Phishing is the name given to the fraudulent process that criminals use to acquire sensitive data including personal information, login credentials, credit card data, and bank account details, by way of using elaborate email hoaxes with links that lead to phony websites masquerading as legitimate institutions.
Only 0.5% Actually Become Victims
A report released early this month by Trusteer, a Tel Aviv-based browser security company, shows that every year, about 10,400 in a million customers (1.04 percent) get lured into a phishing trap and click on malicious links designed to bring them to fraudulent websites. Of that number however, less than half, or only about 4,700, end up divulging their online banking information including login IDs and passwords.
One the reasons why online banking users are probably still drawn to visiting these phishing sites is that most of the perpetrators and cybercriminals have become very adept at designing websites that have the look and feel of the real bank sites.

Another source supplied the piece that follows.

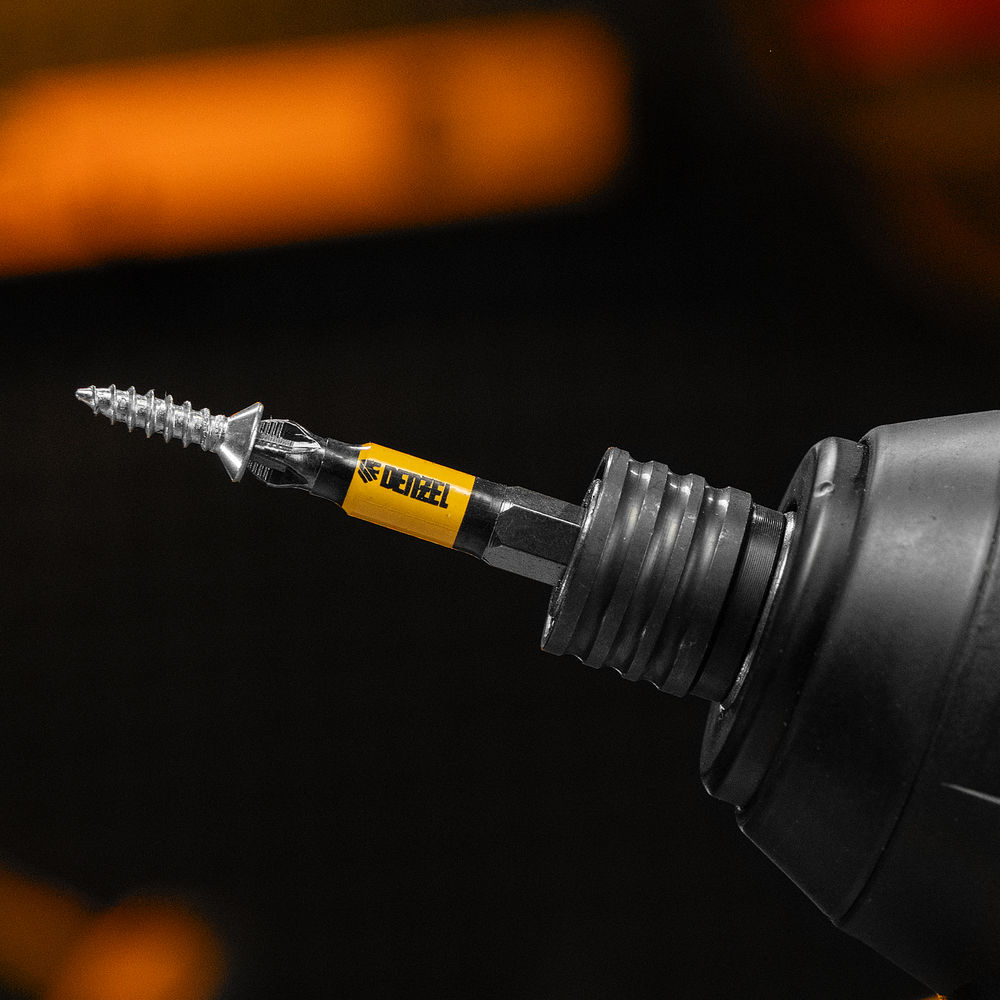 Бита PH2х50, сталь легированная S2, 10 шт., круглый профиль, отрывная упаковка, Е 6,3 Denzel (11679)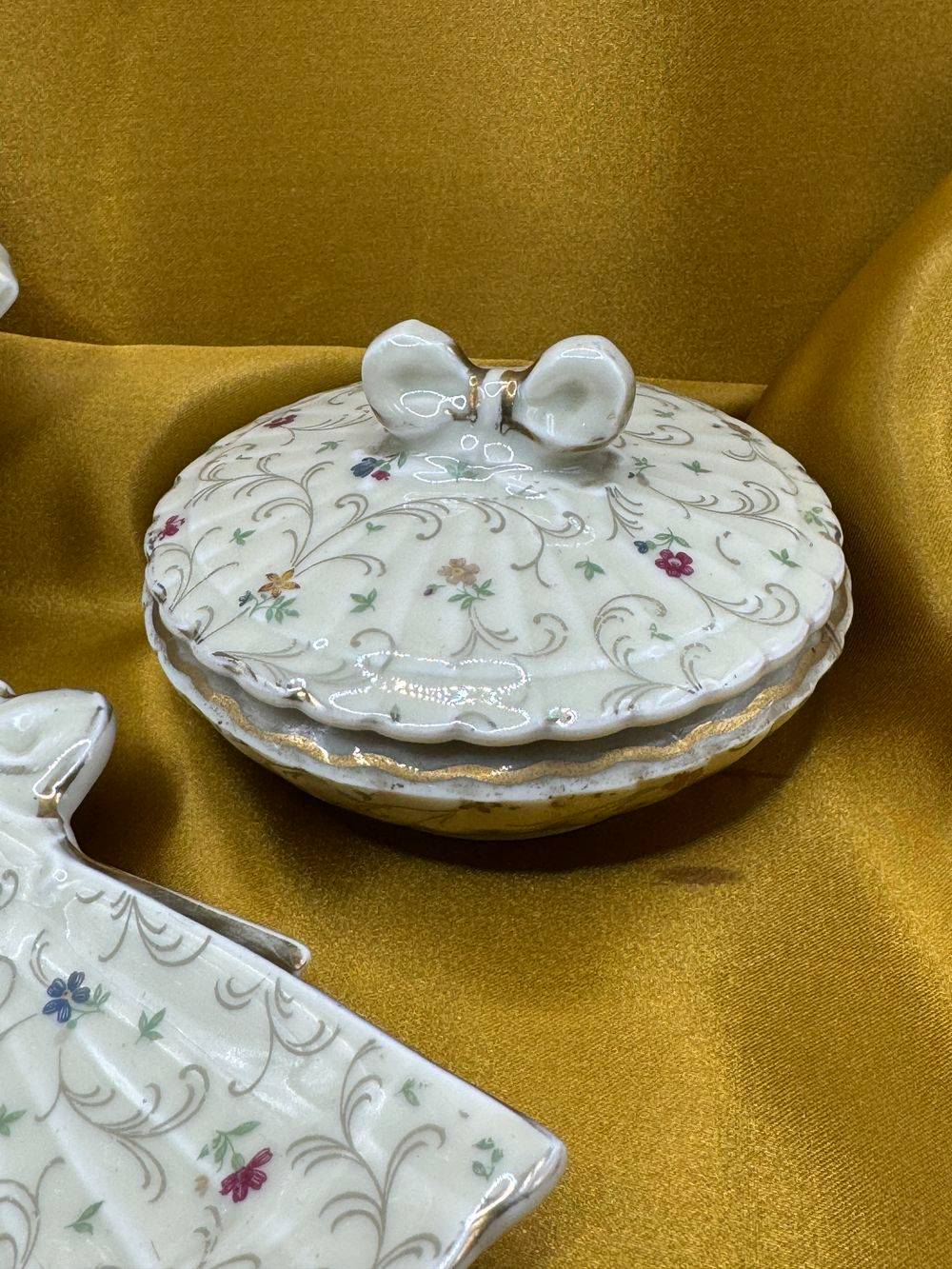 Ancien ensemble de salle de bain - Flacon de parfum, porte-savon et boite en porcelaine de Limoges Lucien Michelaud - Déco - Collection – Image 10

Huge Losses, Despite Few Victims
While a percentage of less than 0.5 percent may not seem like a lot, the financial losses that result from this relatively small number of consumers who fall victim can be incredibly huge.
According to Trusteer CTO Amit Klein, “While the fact that nearly half of the victims were tricked into giving up their online banking credentials was surprising, the aggregate value of the financial losses created by only half of one percent of a bank’s customers is staggering.”
On an annual basis, the losses can add up to as much as $2.4 million to $9.4 million for every 1 million online banking users.
About the Trusteer Report
The data presented by Trusteer was collected over a three-month period using its Rapport plug-in, which the company claims is installed in about 3 million computers in North America and Europe. Part of Rapport plug-in’s function in providing computer security is to monitor phishing attacks made against the specific PC, and preventing users from entering their login info on questionable websites.
The Trusteer report is certainly interesting to note because it is one of the few, perhaps even the first, that gives realistic figures of how online banking consumers actually respond to phishing emails.